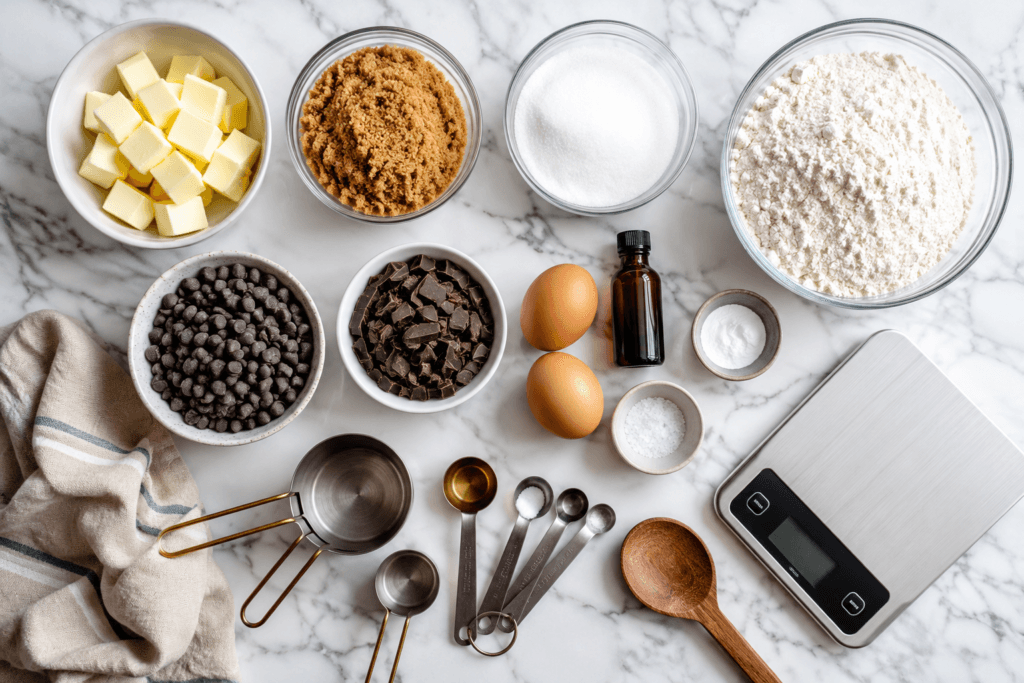 Ingredients for thick chocolate chip cookies arranged on a marble countertop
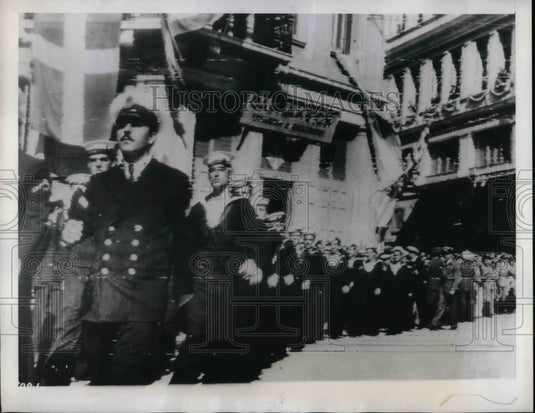 1944 Press Photo Greek Sailors of Warship Averoff in Greece - Historic Images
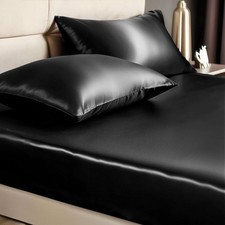 Satin Queen Fitted Sheet  Pillowcase Set - 3-Piece Luxury Soft Silk-Like wit...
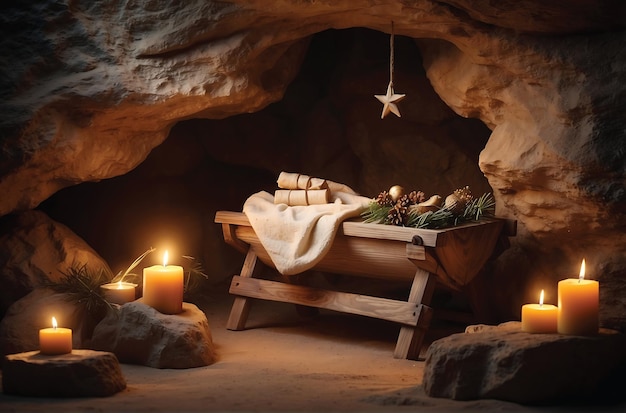 Escena de la Natividad en una cueva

————

▸ **Directions**: Each line of the listing above must be given again exactly; the pictures are to be left out.

▸ **Result of the task**:
 Ingredients for thick chocolate chip cookies arranged on a marble countertop
 1944 Press Photo Greek Sailors of Warship Averoff in Greece - Historic Images
 Satin Queen Fitted Sheet  Pillowcase Set - 3-Piece Luxury Soft Silk-Like wit...
 Escena de la Natividad en una cueva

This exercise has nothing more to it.